The nonsuit before justice Lain, arose from the inattention of the plaintiff to his rights, and' a culpable omission to avail himself of the privileges which the law gave him, rather than from non-attendance of the witness, who had furnished him with a certified copy of his docket, which, if authenticated by the county clerk, would have proved all the facts essential to a recovery. The certificate of the clerk could have been very readily procured, and ought *639to have been procured. 2 R. S. 270, § 247. So the judgment might have been proved, in the absence of the justice, by any person who had compared the copy with the original entries, with proof that those entries were in the hand writing of the justice. § 248. As a general rule, parties should be required to resort to this evidence of Justices’ dockets, rather than compel the attendance of those officers to prove them, as one of the objects of providing different and convenient modes of proof was their relief from a burden that must otherwise frequently occur. Again; there was no absolute necessity for the plaintiff to submit to a nonsuit, if he had not elected to do so. As the defendant did not appear, the justice might have kept the court open until the plaintiff had procured, in one of the above modes, or by the attendance of the magistrate, the proof of the docket.

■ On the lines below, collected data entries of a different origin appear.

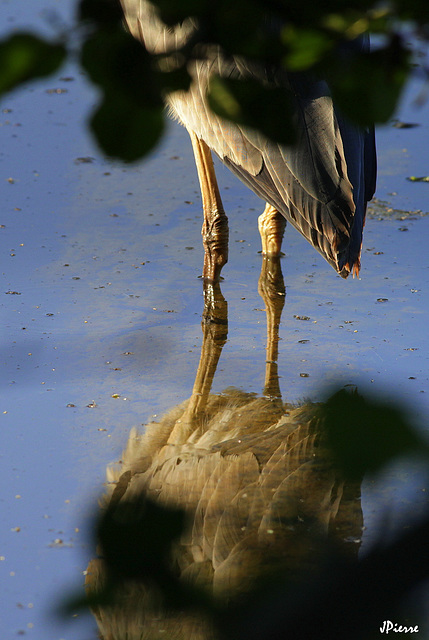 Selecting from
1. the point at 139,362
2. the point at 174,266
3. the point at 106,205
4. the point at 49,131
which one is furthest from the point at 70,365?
the point at 49,131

The section of the statute upon which this action is founded, 2 R. S. 242, § 90, is but declaratory of the common law, 1 Phil. Ev. 4, 1 Archb. P. 172, 2 Doug. 566, 1 Campb. 14, 9 East, 473, which does not subject witnesses to damages for non-attendance, unless when without a reasonable excuse. There are three modes of compelling the attendance of witnesses before a justice : 1. By attachment, 2 R. S. 241, § 83; 2. By fine, not exceeding ten dollars, nor less than sixty-two and a half cents, § 85 ; 3. By an action on the case, to recover the damages sustained for the non-attendance. In the two first modes of compelling attendance, by the terms of the statute, they are not to be enforced, except in the absence of a reasonable excuse. The section giving the action on the case, refers to and is intended to embrace a similar non-attendance, that is, one without just cause.
*The damages claimed are of a trifling amount, and a suit under the facts disclosed in this case, where the proof desired could have been so easily obtained, ought not to be encouraged.
Judgment reversed, with single costs.